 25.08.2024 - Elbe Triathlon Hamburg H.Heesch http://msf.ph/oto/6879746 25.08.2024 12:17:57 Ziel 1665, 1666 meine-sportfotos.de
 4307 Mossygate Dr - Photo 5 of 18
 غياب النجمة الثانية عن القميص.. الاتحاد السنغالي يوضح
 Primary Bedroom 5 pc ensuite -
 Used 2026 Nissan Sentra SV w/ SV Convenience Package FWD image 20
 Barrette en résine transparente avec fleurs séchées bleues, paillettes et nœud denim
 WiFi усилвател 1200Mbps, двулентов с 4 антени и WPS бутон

-*-

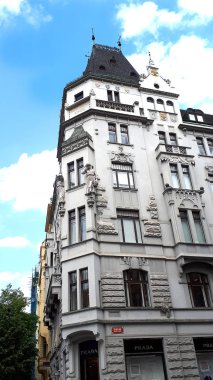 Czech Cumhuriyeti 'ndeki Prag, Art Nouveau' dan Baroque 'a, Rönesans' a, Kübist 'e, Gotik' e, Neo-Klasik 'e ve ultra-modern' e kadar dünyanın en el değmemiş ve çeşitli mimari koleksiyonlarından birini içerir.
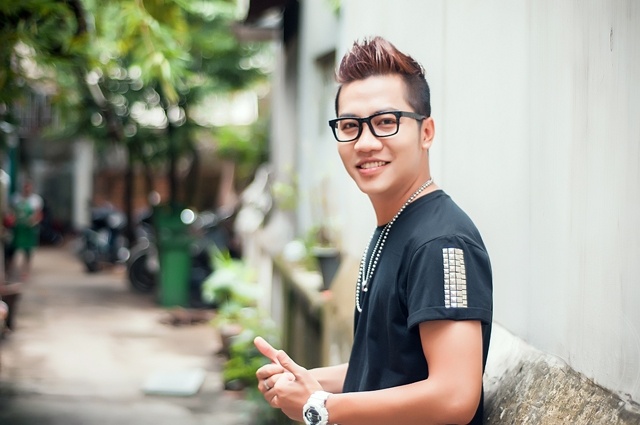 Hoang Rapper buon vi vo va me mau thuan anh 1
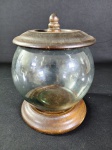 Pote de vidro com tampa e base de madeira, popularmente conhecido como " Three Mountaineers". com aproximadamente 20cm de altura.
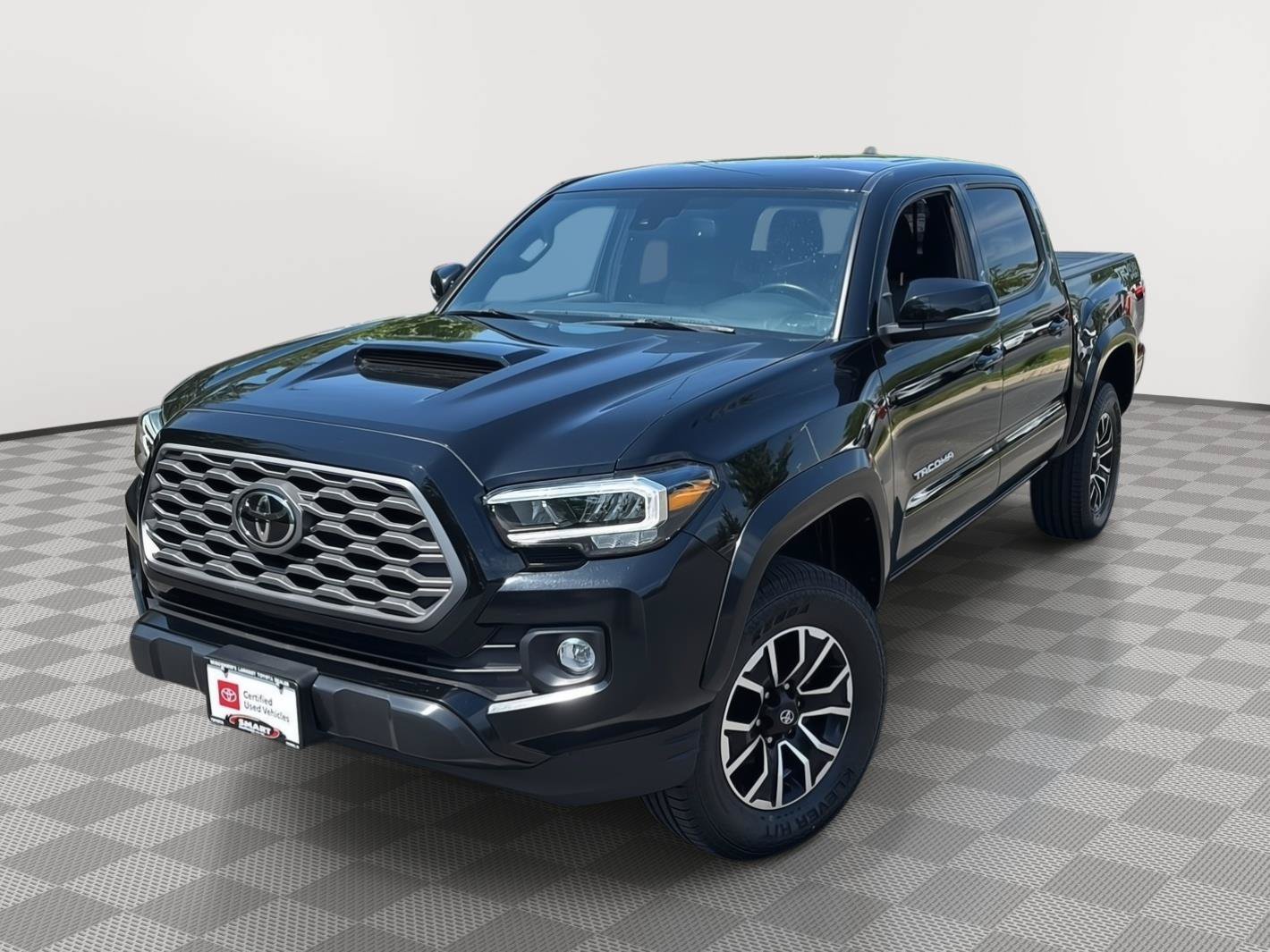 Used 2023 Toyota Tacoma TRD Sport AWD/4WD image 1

-*-

• [YOUR GOAL]:
Your task for the entries above: copy exactly the span starting with the line with "Primary Bedroom 5" and going on through the line with "WiFi усилвател 1200Mbps, двулентов", both lines included, and nothing else.

• [OUTPUT FOR THIS EXERCISE]:
 Primary Bedroom 5 pc ensuite -
 Used 2026 Nissan Sentra SV w/ SV Convenience Package FWD image 20
 Barrette en résine transparente avec fleurs séchées bleues, paillettes et nœud denim
 WiFi усилвател 1200Mbps, двулентов с 4 антени и WPS бутон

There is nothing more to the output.